Another noteworthy change is the increased focus on financial planning within the tax compliance and planning core discipline, with 30%-40% of the questions in that section now dedicated to the subject. This further solidifies the growing need and demand for CPAs to offer higher-value advisory services outside of seasonal compliance work, with a greater role in the year-round financial and tax planning process for clients. 

As outlined by NASBA and the AICPA, the new Core + Discipline model: 

  • Enhances and strengthens the state board public protection mandate by producing candidates with the knowledge required to perform high-quality work. 
  • Is responsive to stakeholder feedback and builds a robust common core of competencies. 
  • Better reflects the reality of how CPAs practice today by requiring deeper knowledge in a specific discipline that is a pillar of the profession. 
  • Can be adapted over time as the CPA role and profession continue to evolve. 
  • Preserves one CPA license. 

Why are the changes significant? 

An image of a room full of empty desks with modern technology, but with no staff. A help wanted sign is on the back wall.
The accounting talent shortage is a real issue, and firms are searching for ways to fill the gaps to attract and retain top talent.

We’ve heard for years that the accounting profession is facing a staffing crisis. From the huge number of Baby Boomers approaching and reaching retirement age to the 150-hour rule, the declining number of accounting majors and the perceived stereotype of accountants, there’s a lot to overcome. Today’s younger professionals don’t want extensive periods of long hours that have historically come with tax season and filing deadlines. They demand a greater balance between their personal and work lives.
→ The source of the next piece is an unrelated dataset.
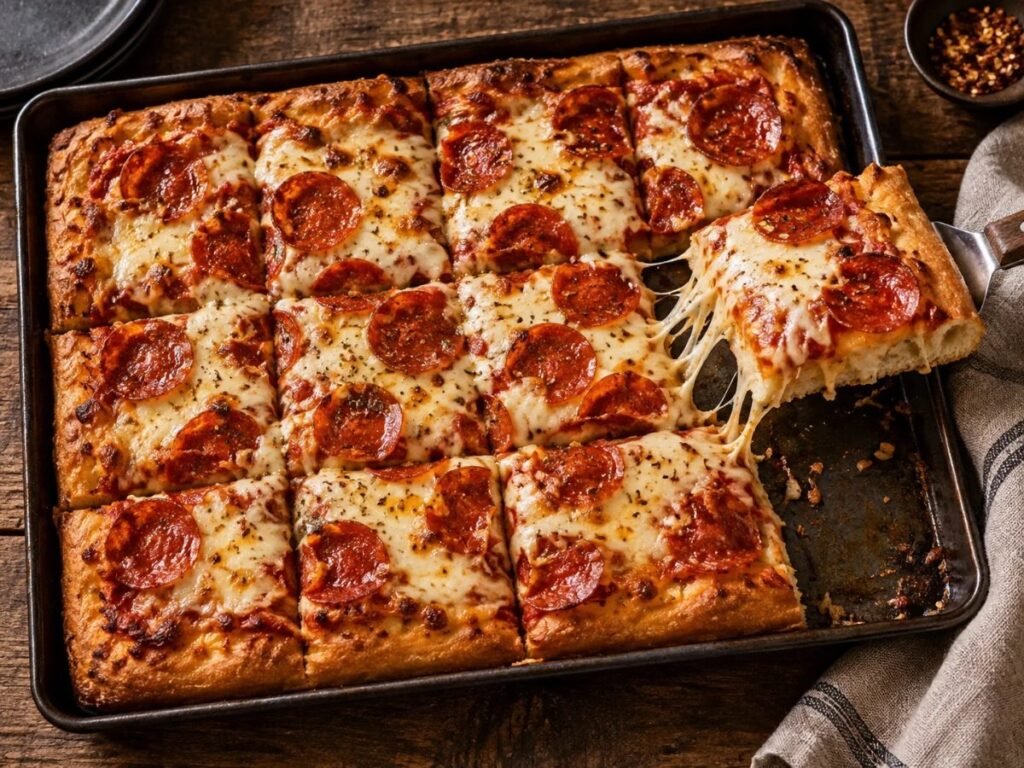 Sheet pan pizza with pepperoni and melted mozzarella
And they’re no longer willing to work in firms or businesses that don’t meet that expectation.

The talent shortage is real, and changing the CPA exam is one step toward redirecting the current trajectory. Just last year, the National Pipeline Advisory Group (NPAG) was formed to help develop a strategy to address the profession’s attrition. In their recently released draft strategy report, they offer proposed solutions organized into six key themes:

  1. Tell a more compelling story about accounting careers.
  2. Create a more engaging college experience for accounting majors.
  3. Reduce the time and cost of education.
  4. Grow support for CPA exam candidates.
  5. Expand access for underrepresented groups.
  6. Transform firm cultures and business models.
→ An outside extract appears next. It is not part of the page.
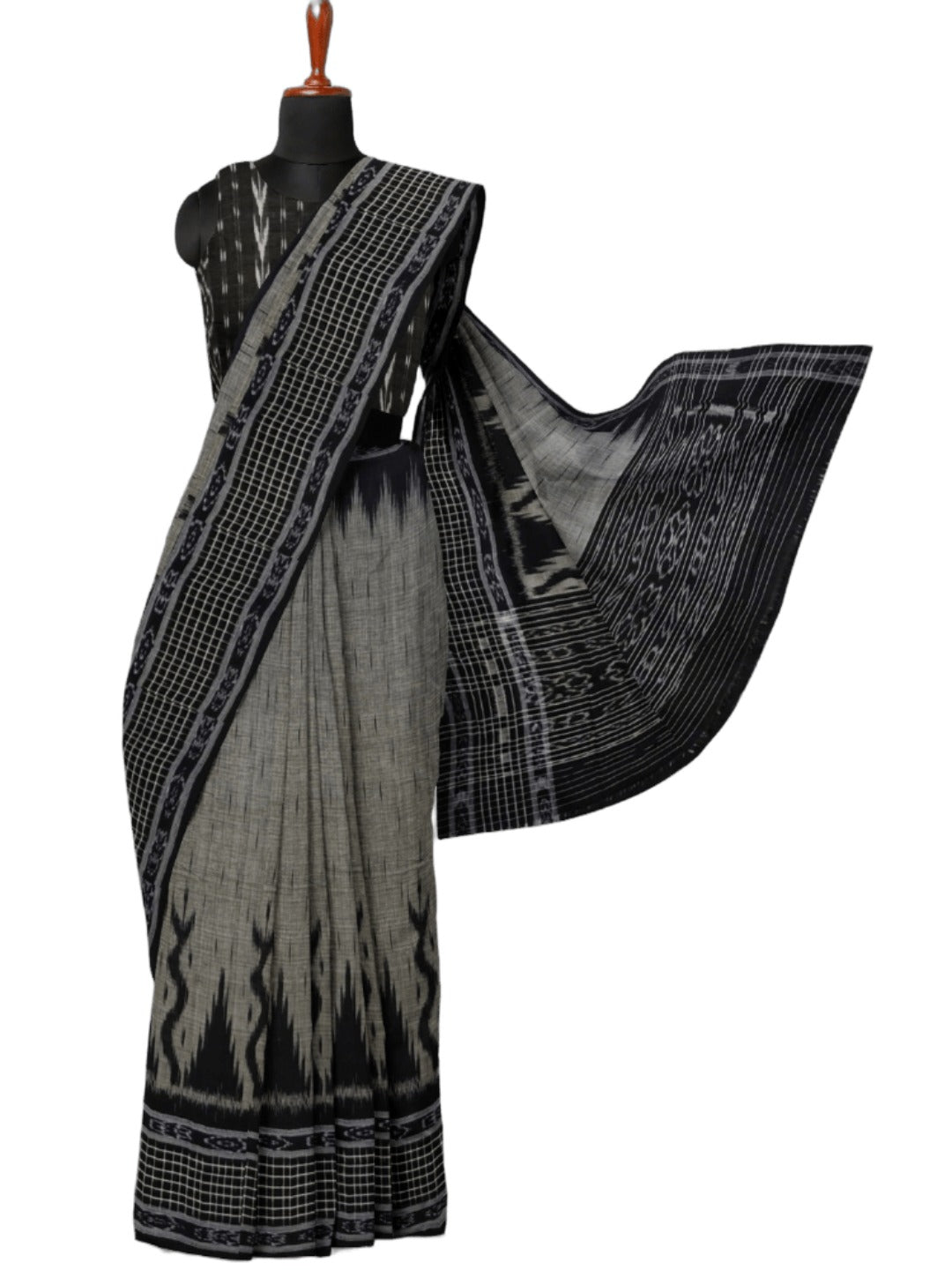 DarkGrey with Black wide border Cotton Odisha Ikat saree with mix match cotton ikat blouse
As we all know, sometimes things tend to get worse before they improve. And the significant changes to the CPA exam are likely no exception. With new discipline sections come new questions and new scoring. And this also means there’s a need for curriculum changes in colleges and universities. Changes to adequately prepare accounting students for the exam and a future in the profession.

All of this…well, it will take a little time. And unfortunately, it will probably look worse before it looks better. 

CPA profession still ripe with opportunity 

Are there concerns and unknowns about how the CPA Evolution initiative will affect the profession? Yes. But it’s still an exciting time to be—or become—a CPA. Just in recent years, the profession has seen the evolution of cloud technology and an explosion of artificial intelligence and automation tools. All of this on the heels of a pandemic that forced firms into more remote and hybrid work environments. (By the way, these younger graduates entering the profession also expect this flexibility in work location.)

The CPA profession is a secure and rewarding career with many growth opportunities. Newly licensed CPAs want to be mentored and supported along their journeys. Firms that figure out how to create an environment that meets the needs and desires of these young professionals will have an advantage. Ultimately, these firms will help set a precedent for a profession that desperately needs to attract and usher in the next generation.